Slain Philadelphia mob boss Phil (The Chicken Man) Testa was memorialized in song by Bruce Springsteen back in the 1980s. Now, he’ll get the Hollywood treatment and appear on the silver screen. Seasoned character actor Larry Romano will play Testa in The Irishman, the much-anticipated upcoming Martin Scorsese-helmed movie about the relationship between mob hit man, Frank (The Irishman) Sheeran and iconic labor union boss Jimmy Hoffa.

Romano, 54, is best known for his recurring role on the hit late 1990s-early 2000s CBS sitcom The King of Queens and co-starring roles in the Sylvester Stallone 1989 prison film Lock Up, the 1996 Al Pacino political thriller City Hall and the Pacino and Johnny Depp classic mob-flick Donnie Brasco. Testa, blown to bits by a nail bomb planted underneath his porch in March of 1981 — part of an unsuccessful palace coup launched against his regime –, was one of Sheeran’s direct superiors in the mafia. He was 56 at the time of his death.

Native Garden Stater Bruce Springsteen opens his 1982 song Atlantic City with the line “Well, they blew up the Chicken Man in Philly last night and they blew up his house too.” Testa helped spearhead the darker side of 1970s and 80s casino boom in Atlantic City and got his nickname for his involvement in the wholesale chicken industry. The Philadelphia mafia has traditionally controlled underworld affairs in “AC” and parts of North Jersey. Sheeran was a Teamsters boss in Delaware and worked for Pennsylvania dons Russell Bufalino and Angelo Bruno, who preceded Testa as Godfather of the Philly mob and like the Chicken Man met a violent end (assassinated the year before Testa was) and will appear as a character in The Irishman.
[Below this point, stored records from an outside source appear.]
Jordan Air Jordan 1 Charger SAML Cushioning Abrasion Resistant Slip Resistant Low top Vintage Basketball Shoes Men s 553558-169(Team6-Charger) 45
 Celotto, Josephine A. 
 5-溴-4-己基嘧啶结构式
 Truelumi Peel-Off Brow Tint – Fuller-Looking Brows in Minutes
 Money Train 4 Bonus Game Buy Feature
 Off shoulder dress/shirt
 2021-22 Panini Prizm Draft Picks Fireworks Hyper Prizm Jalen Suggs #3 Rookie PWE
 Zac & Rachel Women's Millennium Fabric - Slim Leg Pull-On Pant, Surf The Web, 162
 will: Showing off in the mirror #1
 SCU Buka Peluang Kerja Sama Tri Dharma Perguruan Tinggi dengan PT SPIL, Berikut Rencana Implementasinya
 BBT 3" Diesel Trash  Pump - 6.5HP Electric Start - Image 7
Larry Romano (L) at the height of his TV fame

Hoffa, the stubborn, hard-nosed former president of the Teamsters, vanished from a suburban Detroit restaurant parking lot on the afternoon of July 30, 1975 on his way to a purported peace conference with mobsters representing both mafia factions in Michigan and New York. In the years preceding his kidnapping and murder, Hoffa, 62, engaged in a growing beef with the same organized crime figures whose support and accompanying muscle he rode to the union’s presidency in the 1950s. Nobody has ever been charged or even arrested in the case.

Scorsese has collected a star-studded ensemble for his adaption of Charles Brandt’s 2004 best-selling book, I Heard You Paint Houses, in which Sheeran claims to have been the man who shot and killed Hoffa on his deathbed. Robert De Niro will play Sheeran and Pacino is cast as Hoffa. Harvey Keitel will play Bruno and Joe Pesci is portraying Bufalino. Cameras are already rolling on the 100-million dollar Netflix production expected to have a limited theatre run next year. De Niro, Pesci and Keitel are frequent Scorsese collaborators, however The Irishman will be the first time Scorsese and the equally-beloved Pacino work together.